14. Me asomo a la ventana y aspiro, respiro la libertad de la distancia en espacio y tiempo. El jardín huele como lo hacía el parque de mi pueblo en las mañanas de verano, cuando lo frecuentaba para ir a la Biblioteca, a cambiar libros: olor a hierba recién cortada, a cabeza interior. Tras el mostrador, aquella viejecita flaca y fea, rodeada de saber: Valentín Hermano y nos referíamos a ella como “la bibliotecaria enclenque y timorata”.

15. Eso sí me gustaba: Valentín Padre orgulloso de la bocina de su coche, asustando a los pueblerinos de mi pueblo, haciéndome sentir diferente.

16. Muchos años más tarde, un incendio en las noticias; todo quemado. Los montes que arroparon mi niñez… reducidos a cenizas, como si aquél fuera el nido del Ave Fénix. Una metáfora que no me abrasa, un fuego que me dejaría frío si no fuera por la Naturaleza.

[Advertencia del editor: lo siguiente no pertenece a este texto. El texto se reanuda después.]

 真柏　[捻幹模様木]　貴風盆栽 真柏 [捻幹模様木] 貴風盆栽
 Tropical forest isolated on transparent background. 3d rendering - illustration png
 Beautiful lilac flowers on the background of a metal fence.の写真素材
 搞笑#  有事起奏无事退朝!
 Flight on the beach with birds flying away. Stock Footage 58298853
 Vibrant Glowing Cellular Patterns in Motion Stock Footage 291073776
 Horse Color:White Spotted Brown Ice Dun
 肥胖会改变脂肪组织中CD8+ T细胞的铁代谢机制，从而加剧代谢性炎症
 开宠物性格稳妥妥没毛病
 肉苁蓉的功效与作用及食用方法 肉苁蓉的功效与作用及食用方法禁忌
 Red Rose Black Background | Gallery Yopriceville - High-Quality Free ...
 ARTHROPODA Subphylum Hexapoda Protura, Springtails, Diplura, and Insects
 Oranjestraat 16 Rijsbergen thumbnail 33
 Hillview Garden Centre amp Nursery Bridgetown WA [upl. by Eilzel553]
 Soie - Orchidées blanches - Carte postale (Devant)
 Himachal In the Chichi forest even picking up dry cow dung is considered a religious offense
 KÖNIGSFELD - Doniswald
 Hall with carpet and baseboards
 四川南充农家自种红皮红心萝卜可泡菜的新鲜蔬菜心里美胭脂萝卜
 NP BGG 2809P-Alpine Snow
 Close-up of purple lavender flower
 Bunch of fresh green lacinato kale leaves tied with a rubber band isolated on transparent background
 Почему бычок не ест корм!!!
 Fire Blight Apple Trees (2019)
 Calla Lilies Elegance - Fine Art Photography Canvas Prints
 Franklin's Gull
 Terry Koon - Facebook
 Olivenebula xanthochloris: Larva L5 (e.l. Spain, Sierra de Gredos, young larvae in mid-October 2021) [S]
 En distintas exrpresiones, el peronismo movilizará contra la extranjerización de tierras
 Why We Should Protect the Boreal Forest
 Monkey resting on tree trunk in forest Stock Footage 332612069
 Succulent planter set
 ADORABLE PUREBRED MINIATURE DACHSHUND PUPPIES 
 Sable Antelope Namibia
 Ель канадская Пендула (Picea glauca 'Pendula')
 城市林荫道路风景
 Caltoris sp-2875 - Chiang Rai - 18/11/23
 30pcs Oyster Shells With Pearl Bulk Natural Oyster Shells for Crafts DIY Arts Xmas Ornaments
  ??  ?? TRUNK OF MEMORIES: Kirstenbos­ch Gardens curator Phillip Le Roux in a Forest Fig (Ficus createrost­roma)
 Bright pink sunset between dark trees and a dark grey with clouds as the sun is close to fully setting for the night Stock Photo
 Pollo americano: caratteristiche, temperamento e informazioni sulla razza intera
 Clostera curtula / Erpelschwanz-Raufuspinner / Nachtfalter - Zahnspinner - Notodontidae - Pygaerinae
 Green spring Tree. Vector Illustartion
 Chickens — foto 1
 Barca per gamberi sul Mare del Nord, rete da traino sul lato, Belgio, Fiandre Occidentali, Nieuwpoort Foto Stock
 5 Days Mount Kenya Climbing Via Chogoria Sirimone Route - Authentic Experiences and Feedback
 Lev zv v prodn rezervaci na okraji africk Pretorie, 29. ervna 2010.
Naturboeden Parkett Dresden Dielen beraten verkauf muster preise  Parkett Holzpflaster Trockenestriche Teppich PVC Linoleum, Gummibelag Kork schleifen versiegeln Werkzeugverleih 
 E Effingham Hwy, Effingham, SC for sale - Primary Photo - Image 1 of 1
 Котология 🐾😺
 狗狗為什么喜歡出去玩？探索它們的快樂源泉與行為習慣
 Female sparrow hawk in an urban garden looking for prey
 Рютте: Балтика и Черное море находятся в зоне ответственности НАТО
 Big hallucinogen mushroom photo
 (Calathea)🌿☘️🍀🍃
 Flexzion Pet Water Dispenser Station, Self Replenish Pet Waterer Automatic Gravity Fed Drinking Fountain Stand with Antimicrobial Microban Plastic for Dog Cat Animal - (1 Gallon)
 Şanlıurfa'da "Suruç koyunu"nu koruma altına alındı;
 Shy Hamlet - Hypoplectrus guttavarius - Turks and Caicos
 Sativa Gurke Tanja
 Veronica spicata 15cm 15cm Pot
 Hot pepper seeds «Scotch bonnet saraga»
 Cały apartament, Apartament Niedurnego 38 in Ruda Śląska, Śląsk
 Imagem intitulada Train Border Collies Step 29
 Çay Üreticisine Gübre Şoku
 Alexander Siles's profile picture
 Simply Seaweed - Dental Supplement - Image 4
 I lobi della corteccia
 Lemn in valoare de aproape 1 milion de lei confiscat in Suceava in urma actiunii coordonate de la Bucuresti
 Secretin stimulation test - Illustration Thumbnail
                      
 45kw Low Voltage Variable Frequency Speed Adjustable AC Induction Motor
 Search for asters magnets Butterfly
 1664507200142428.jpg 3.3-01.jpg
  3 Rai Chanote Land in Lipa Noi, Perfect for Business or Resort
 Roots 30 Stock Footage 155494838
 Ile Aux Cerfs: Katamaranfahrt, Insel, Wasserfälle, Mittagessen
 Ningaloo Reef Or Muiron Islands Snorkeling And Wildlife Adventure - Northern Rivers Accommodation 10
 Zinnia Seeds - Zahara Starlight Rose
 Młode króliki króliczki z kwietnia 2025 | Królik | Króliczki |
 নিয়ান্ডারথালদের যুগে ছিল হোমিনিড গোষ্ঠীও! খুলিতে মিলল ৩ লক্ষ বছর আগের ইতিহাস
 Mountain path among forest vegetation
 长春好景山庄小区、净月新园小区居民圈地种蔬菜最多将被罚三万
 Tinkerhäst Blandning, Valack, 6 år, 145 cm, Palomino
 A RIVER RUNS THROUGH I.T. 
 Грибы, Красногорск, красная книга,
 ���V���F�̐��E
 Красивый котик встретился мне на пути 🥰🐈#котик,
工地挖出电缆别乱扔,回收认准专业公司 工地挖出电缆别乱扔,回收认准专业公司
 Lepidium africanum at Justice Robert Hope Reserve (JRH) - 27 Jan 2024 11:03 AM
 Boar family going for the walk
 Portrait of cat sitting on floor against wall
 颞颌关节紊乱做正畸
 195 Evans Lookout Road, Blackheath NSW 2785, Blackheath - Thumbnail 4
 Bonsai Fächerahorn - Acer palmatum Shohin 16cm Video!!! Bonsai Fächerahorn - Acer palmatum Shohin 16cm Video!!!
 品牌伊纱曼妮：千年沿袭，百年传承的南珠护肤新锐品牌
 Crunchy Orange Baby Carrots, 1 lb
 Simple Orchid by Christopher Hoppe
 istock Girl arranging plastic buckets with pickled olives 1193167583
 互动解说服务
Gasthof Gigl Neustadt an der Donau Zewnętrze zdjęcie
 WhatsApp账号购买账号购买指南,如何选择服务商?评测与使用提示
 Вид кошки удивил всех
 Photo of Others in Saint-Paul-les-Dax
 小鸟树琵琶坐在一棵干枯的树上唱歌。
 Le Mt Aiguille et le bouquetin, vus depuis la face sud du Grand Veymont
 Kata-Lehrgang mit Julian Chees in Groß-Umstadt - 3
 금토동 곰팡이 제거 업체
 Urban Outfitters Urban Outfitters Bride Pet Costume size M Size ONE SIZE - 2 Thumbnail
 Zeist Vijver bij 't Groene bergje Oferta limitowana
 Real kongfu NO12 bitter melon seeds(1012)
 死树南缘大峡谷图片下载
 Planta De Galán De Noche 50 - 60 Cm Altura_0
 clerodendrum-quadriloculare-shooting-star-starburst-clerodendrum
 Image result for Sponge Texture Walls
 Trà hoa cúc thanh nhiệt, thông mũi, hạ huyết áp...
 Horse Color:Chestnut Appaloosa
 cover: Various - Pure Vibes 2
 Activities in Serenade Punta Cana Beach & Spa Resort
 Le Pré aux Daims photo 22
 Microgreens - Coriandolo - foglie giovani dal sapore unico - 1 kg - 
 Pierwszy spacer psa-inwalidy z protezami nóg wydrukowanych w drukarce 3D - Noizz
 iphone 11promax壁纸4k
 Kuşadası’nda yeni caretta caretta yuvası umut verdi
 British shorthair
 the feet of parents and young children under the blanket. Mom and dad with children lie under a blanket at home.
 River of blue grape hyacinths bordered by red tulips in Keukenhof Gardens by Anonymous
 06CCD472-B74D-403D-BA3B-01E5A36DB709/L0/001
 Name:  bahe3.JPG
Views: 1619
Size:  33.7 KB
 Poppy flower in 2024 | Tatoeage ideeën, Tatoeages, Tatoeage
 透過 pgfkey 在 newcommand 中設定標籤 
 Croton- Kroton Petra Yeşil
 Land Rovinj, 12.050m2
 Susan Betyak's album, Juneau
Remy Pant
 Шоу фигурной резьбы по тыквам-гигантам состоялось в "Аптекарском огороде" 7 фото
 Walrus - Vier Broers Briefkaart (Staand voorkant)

17. Allí seguirán todos: en Kagan, muriéndose de asco sin saberlo… igual que yo un día, ignorante, pensé que el mundo terminaba en aquel limitado horizonte… Allí continuarán todos, desentendiéndose del mundo real, parapetados tras sus cositas cotidianas: la venda que les priva del futuro.

18. Gracias (adiós) me fui de aquel pueblo en el que nunca pasa nada, para otro pueblo más grande… Samarcanda, que jamás ha pensado nada, aunque diga lo contrario su fama.

19.¡Qué pocos modelos, qué poca gente decente en la Historia de mi pueblo y sus alrededores!



[1] Por eso, con menos de 8 años.

[2] Estadísticamente hablando.

[3] Rememorando el hito histórico de haber expulsado a los moros de las tierras hace muchos siglos. Todo un símbolo del orgullo adocenado, medieval.

[4] Como probablemente había estado toda su vida.

[5] El de Romina BUSCA.

[6] La simbología de su ficticio nombre lo dice todo.